(Task statement): Transcribe, word for word, every line from the one containing "Hammered Metal Bowl" through the final line of the records, and omit the pictures.

(Given information):

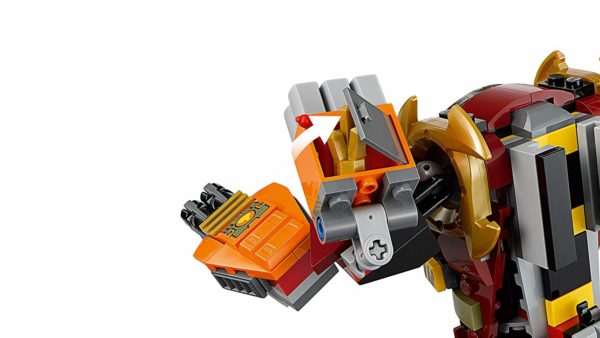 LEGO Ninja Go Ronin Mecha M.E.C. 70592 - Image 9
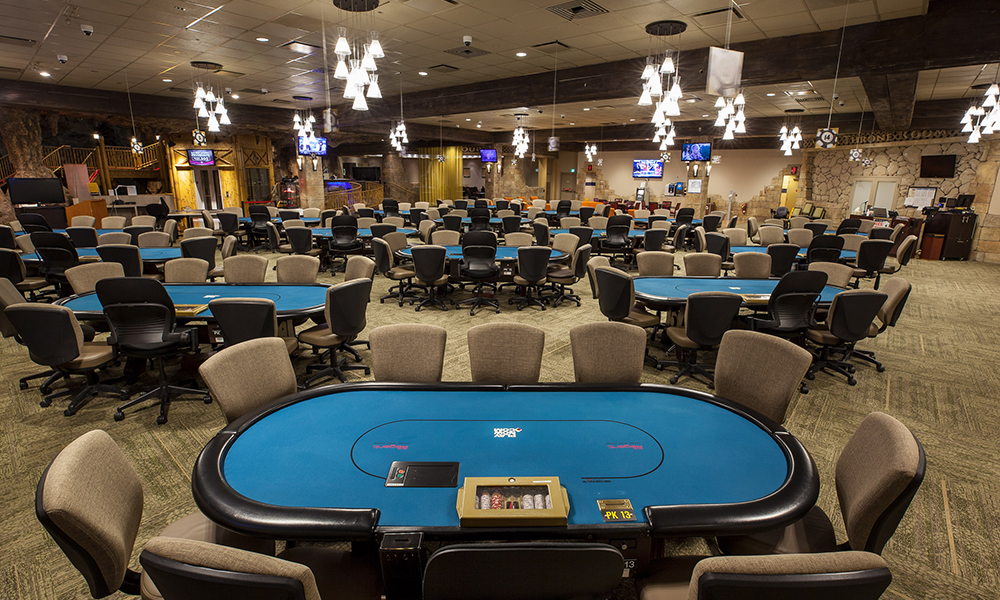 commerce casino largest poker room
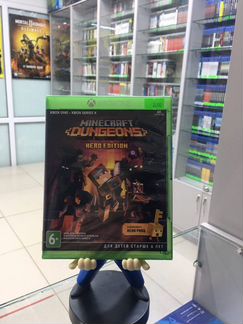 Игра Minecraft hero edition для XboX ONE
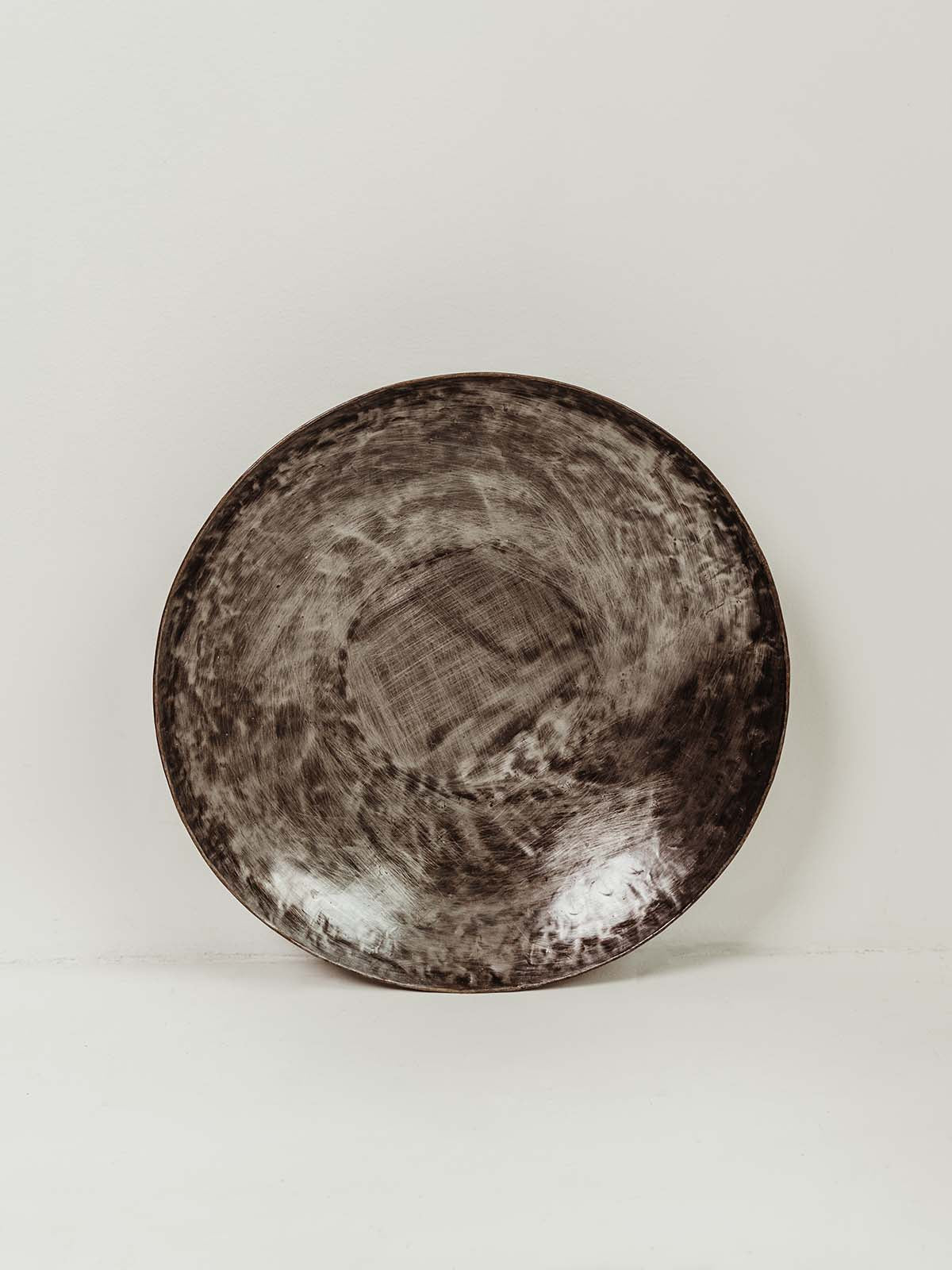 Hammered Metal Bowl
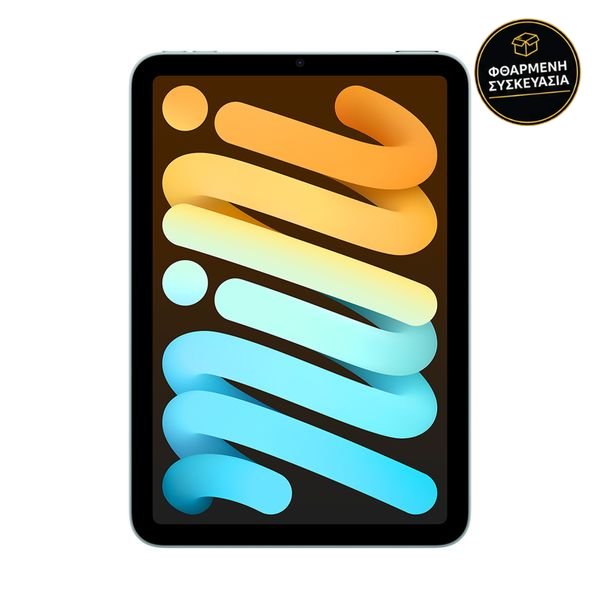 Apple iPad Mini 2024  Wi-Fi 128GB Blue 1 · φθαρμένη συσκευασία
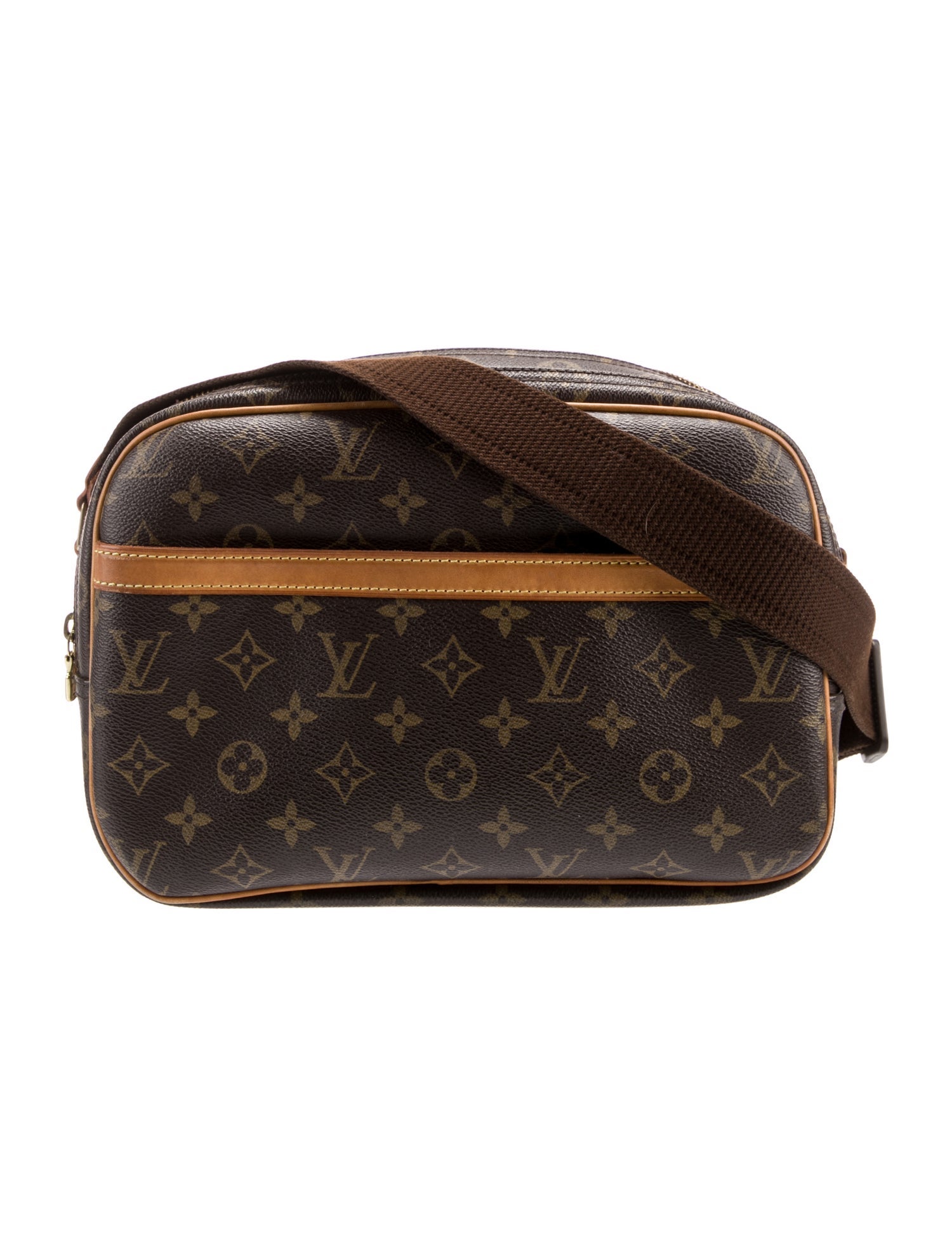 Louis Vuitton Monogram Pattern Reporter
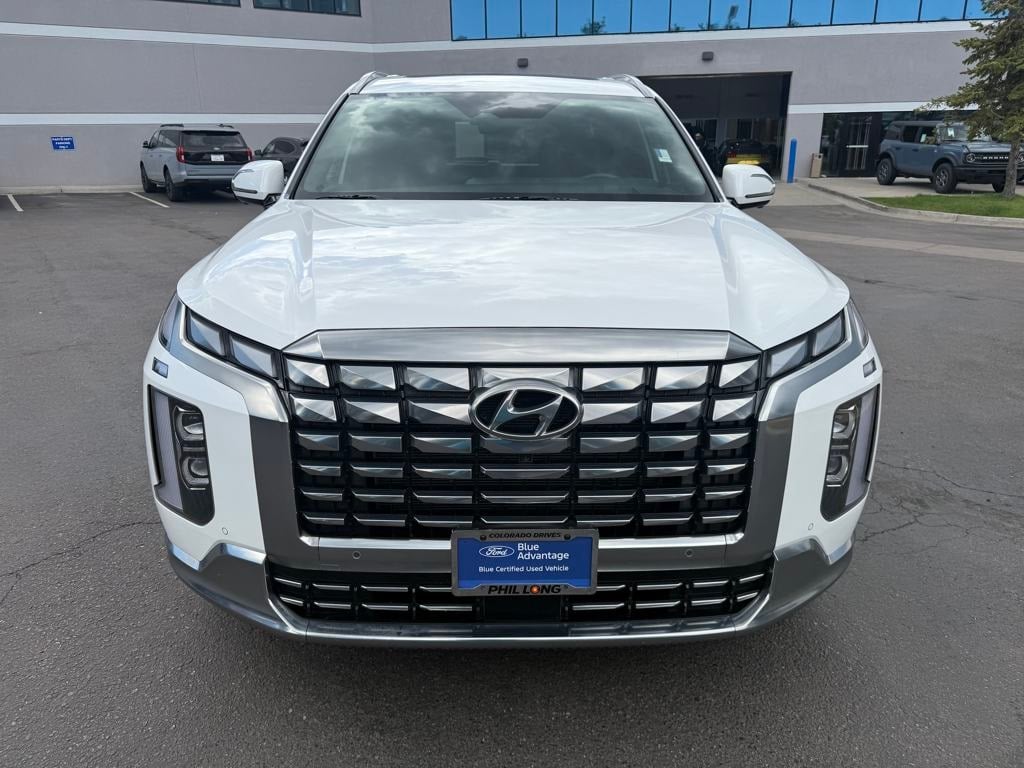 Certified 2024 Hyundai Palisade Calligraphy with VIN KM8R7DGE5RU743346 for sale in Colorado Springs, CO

(Completed task):
 Hammered Metal Bowl
 Apple iPad Mini 2024  Wi-Fi 128GB Blue 1 · φθαρμένη συσκευασία
 Louis Vuitton Monogram Pattern Reporter
 Certified 2024 Hyundai Palisade Calligraphy with VIN KM8R7DGE5RU743346 for sale in Colorado Springs, CO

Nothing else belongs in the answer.